RECORDED DATA.
++++++++++++++++++++

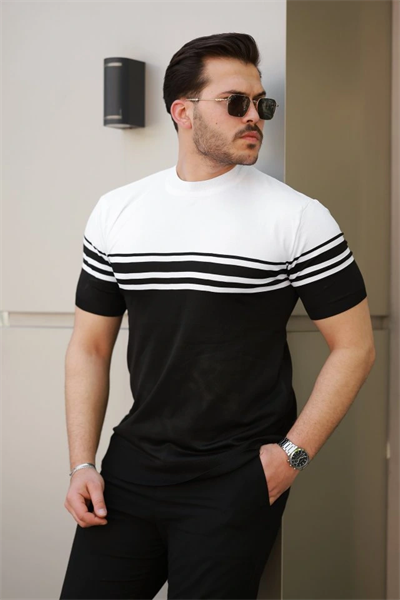 Erkek çizgili Kısa Kollu T-shirt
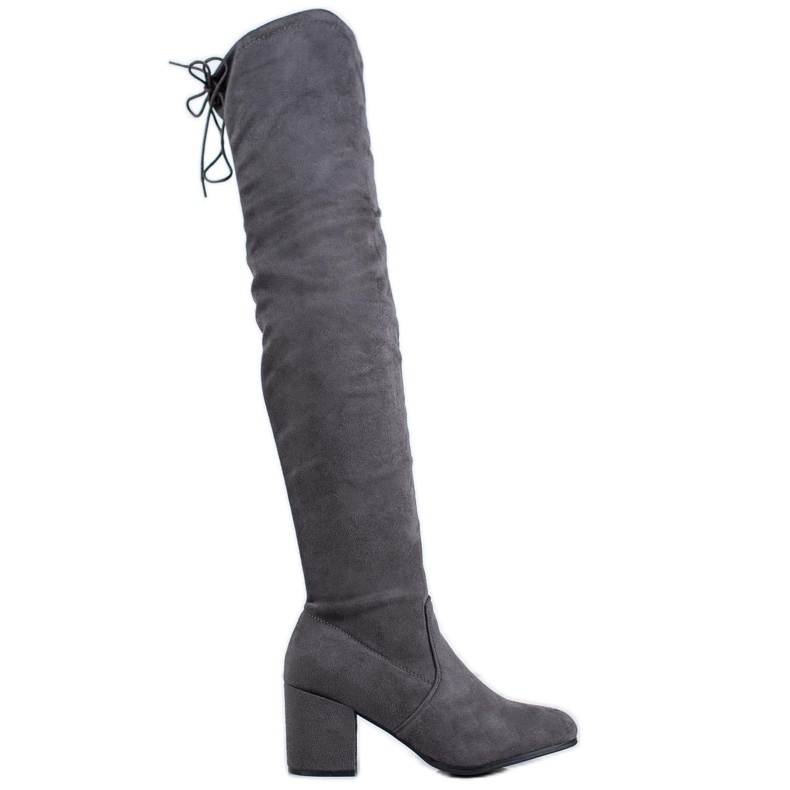 SHELOVET Bequeme Stiefel mit hohen Absätzen grau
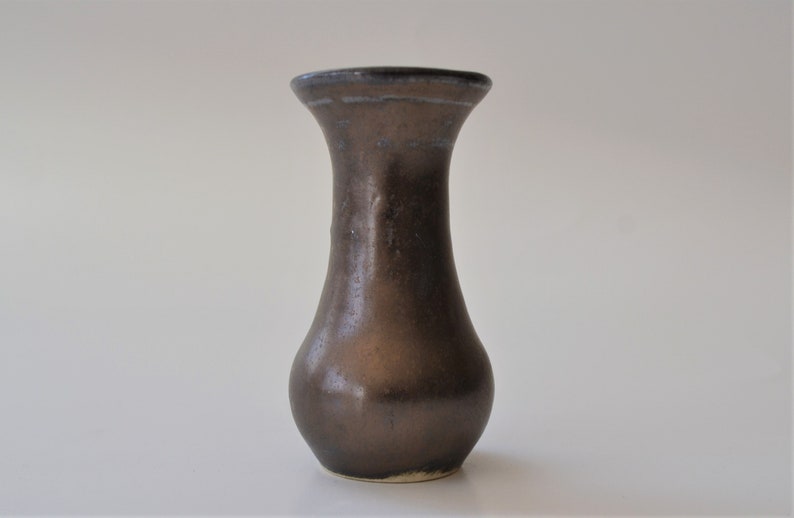 Miniature Bronze Pottery Vase, Single Hand-thrown Tiny Pottery, Bronze Glazed Small Pot, 2 1/4 tall image 3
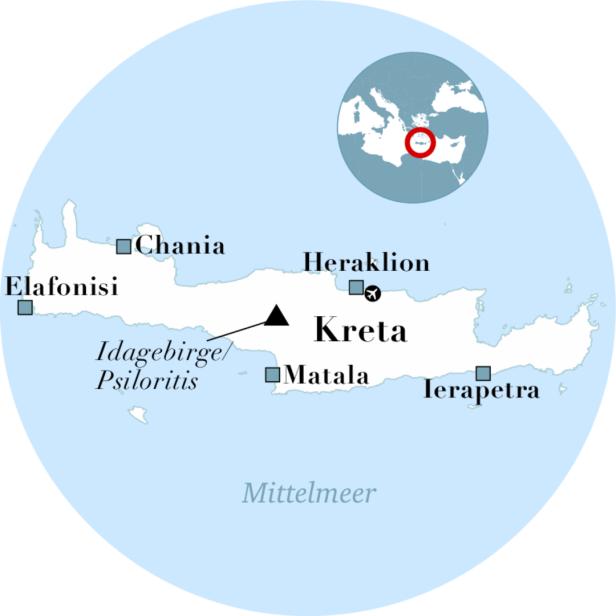 Eine Karte von Kreta mit den Städten Chania, Heraklion, Matala und Ierapetra sowie dem Idagebirge/Psiloritis.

++++++++++++++++++++

ASSIGNMENT.
A word-for-word copy of the listing is needed, with no pictures in it.

RESPONSE TO THE TASK.
 Erkek çizgili Kısa Kollu T-shirt
 SHELOVET Bequeme Stiefel mit hohen Absätzen grau
 Miniature Bronze Pottery Vase, Single Hand-thrown Tiny Pottery, Bronze Glazed Small Pot, 2 1/4 tall image 3
 Eine Karte von Kreta mit den Städten Chania, Heraklion, Matala und Ierapetra sowie dem Idagebirge/Psiloritis.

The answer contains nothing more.